Russia’s evolving use of strike drones has triggered alarm across the alliance. During the 2025 cross-border drone raid, Patriot missile systems tracked incoming aircraft but held fire to conserve their expensive long-range missiles. Meanwhile, only four drones were downed by scrambled Dutch and Polish fighter jets, despite a total of 20 breaching Polish airspace. Thirteen others crashed across Polish and Latvian territory.

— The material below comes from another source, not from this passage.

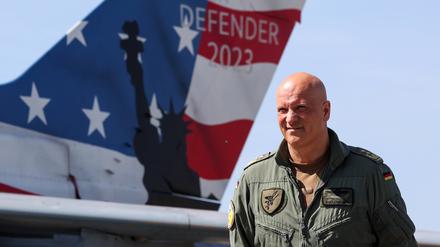 Generalleutnant Ingo Gerhartz im Jahr 2023 beim Luftwaffen-Manöver „Air Defender“.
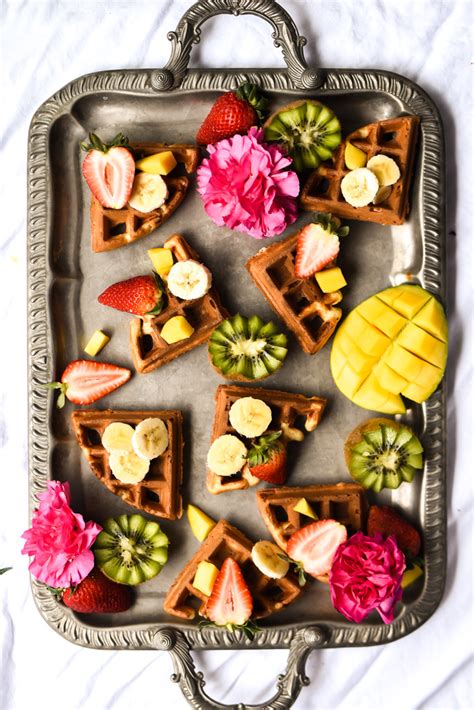 How to plate vibrant dishes for drool-worthy food photography?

Poland invoked NATO’s Article 4 emergency consultation clause following the incursion.
The scale and speed of the raid underscored how Russia’s strategy aims less at military precision and more at exhaustion, forcing defenders to drain resources while delivering terror and economic disruption. “That’s what makes it really deadly,” said Samuel Bendett of the Center for a New American Security (CNAS), who emphasized the psychological nature of these weapons alongside their tactical role.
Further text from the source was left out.